** Opening Data for analysis block **
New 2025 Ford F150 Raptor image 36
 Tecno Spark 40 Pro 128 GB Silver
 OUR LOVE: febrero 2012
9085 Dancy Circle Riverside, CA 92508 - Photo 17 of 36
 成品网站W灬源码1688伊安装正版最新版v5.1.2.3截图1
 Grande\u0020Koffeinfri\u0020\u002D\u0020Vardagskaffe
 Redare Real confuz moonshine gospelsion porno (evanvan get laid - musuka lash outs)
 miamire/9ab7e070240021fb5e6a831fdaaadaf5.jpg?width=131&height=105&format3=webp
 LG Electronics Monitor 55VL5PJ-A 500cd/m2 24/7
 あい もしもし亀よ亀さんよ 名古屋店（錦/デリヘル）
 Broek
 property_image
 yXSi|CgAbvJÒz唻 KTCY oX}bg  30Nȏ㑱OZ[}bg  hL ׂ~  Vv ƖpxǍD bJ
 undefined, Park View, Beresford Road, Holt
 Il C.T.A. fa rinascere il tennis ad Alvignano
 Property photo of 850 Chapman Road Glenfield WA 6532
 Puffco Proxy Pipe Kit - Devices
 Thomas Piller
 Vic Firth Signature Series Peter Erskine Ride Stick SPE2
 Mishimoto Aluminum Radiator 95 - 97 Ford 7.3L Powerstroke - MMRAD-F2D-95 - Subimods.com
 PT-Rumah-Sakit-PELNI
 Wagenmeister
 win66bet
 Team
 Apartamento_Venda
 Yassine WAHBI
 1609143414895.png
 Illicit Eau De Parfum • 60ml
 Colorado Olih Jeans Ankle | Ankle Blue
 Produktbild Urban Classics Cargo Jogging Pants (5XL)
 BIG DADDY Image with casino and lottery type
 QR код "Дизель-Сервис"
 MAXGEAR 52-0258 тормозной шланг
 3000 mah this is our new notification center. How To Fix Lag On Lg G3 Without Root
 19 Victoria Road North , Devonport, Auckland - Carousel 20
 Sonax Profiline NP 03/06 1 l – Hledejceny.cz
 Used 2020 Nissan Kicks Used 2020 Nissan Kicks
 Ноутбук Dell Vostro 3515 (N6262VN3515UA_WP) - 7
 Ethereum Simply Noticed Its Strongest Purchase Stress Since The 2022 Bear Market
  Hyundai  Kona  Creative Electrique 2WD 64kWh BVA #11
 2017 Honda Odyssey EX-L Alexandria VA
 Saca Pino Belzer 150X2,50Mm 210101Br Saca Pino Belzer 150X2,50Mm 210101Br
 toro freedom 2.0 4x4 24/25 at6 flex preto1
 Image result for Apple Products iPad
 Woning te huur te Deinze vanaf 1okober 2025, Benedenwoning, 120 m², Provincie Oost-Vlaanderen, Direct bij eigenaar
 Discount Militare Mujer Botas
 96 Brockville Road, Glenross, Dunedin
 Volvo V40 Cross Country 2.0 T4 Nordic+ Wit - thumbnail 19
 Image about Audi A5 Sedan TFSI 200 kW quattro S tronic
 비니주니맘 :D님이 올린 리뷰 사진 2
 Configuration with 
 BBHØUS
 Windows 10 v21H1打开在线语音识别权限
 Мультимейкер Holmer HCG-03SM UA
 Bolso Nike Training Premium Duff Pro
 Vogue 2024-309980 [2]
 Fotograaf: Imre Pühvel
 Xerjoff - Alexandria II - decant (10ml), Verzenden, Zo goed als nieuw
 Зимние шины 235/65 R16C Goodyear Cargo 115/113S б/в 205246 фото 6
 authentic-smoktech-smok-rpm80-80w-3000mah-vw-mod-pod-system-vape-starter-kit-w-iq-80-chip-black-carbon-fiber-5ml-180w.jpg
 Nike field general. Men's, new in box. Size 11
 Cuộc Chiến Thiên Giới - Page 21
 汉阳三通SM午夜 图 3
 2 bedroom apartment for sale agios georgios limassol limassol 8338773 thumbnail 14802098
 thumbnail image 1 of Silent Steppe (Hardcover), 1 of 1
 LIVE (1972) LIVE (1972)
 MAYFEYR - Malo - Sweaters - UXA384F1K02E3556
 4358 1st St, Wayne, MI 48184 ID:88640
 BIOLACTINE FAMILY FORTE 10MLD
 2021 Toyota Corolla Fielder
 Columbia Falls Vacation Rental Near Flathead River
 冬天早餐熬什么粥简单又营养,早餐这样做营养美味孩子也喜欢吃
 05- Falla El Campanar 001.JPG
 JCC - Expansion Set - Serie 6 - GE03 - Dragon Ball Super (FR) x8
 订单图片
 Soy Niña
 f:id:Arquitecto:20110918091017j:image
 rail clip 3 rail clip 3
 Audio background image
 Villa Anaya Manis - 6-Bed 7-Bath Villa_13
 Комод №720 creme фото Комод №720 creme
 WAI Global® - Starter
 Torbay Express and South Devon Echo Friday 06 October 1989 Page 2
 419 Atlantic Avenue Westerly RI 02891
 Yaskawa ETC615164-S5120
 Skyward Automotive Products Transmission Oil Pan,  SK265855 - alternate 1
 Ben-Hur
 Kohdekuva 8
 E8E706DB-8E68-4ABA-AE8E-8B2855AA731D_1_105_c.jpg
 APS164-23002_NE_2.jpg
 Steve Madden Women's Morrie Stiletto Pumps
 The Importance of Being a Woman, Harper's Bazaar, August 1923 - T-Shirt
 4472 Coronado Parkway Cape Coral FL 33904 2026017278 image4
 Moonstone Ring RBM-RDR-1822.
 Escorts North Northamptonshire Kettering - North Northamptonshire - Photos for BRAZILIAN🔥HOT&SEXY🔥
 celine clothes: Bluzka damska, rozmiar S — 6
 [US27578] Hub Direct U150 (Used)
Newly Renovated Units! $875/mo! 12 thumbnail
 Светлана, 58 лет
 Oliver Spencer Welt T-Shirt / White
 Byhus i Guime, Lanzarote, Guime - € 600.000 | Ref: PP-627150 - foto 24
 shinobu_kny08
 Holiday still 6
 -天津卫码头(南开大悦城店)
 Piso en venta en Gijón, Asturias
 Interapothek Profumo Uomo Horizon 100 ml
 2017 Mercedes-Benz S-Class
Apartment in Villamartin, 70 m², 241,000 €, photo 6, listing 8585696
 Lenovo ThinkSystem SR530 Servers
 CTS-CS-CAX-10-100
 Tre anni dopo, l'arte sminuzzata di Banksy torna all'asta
** Closing Data for analysis block **
Problem: Reproduce, character for character, only the lines of the preceding data that start at the line with "Woning te huur" and end at the line with "Fotograaf: Imre Pühvel", both included.

Exercise output:
 Woning te huur te Deinze vanaf 1okober 2025, Benedenwoning, 120 m², Provincie Oost-Vlaanderen, Direct bij eigenaar
 Discount Militare Mujer Botas
 96 Brockville Road, Glenross, Dunedin
 Volvo V40 Cross Country 2.0 T4 Nordic+ Wit - thumbnail 19
 Image about Audi A5 Sedan TFSI 200 kW quattro S tronic
 비니주니맘 :D님이 올린 리뷰 사진 2
 Configuration with 
 BBHØUS
 Windows 10 v21H1打开在线语音识别权限
 Мультимейкер Holmer HCG-03SM UA
 Bolso Nike Training Premium Duff Pro
 Vogue 2024-309980 [2]
 Fotograaf: Imre Pühvel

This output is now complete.